The NCCN Oncology Research Program has awarded grants for its first-ever multi-industry collaborative project, soliciting investigator-initiated proposals to research the effectiveness of Boehringer-Ingelheim’s afatinib in combination with other drugs to treat lung and head and neck cancers.

[FORT WASHINGTON, PA – March 6, 2017] The National Comprehensive Cancer Network® (NCCN®) Oncology Research Program (ORP) has funded three studies in its first multi-industry collaborative research project in which Boehringer Ingelheim Pharmaceuticals, Inc. and Eli Lilly and Company (Lilly) are collaborating with NCCN to study combination therapeutic agents in lung cancer and head and neck cancers.

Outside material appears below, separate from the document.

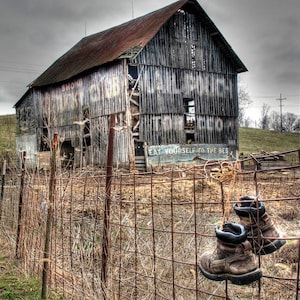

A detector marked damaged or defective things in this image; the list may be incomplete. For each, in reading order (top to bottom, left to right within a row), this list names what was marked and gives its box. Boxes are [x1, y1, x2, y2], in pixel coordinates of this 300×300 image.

The following studies were awarded funding through NCCN ORP:

Boehringer Ingelheim awarded NCCN ORP a $2-million research grant to support NCCN investigator-initiated pre-clinical, clinical, and correlative studies of combination therapies containing afatinib1 in the treatment of lung and head and neck cancers. NCCN and Boehringer Ingelheim collaborated with Lilly for access to necitumumab2.

Proposals of other afatinib combination therapies were also accepted. Submissions were peer reviewed by the NCCN Afatinib Combination Scientific Review Committee. The funded concepts were selected based on several criteria, including scientific merit, existing data, and the types of studies necessary to further evaluate the efficacy of afatinib.

“In facilitating this innovative research initiative, NCCN ORP indeed leads the way in laying the groundwork for future collaborative clinical research endeavors,” said Susan Most, RN, MBA, Director, Clinical Operations, NCCN ORP. “The study of the effectiveness of combination therapies in oncology requires collaboration among various stakeholders, and NCCN applauds Boehringer Ingelheim and Lilly in their combined efforts to advance cutting edge research to improve the lives of people with lung and head and neck cancers.”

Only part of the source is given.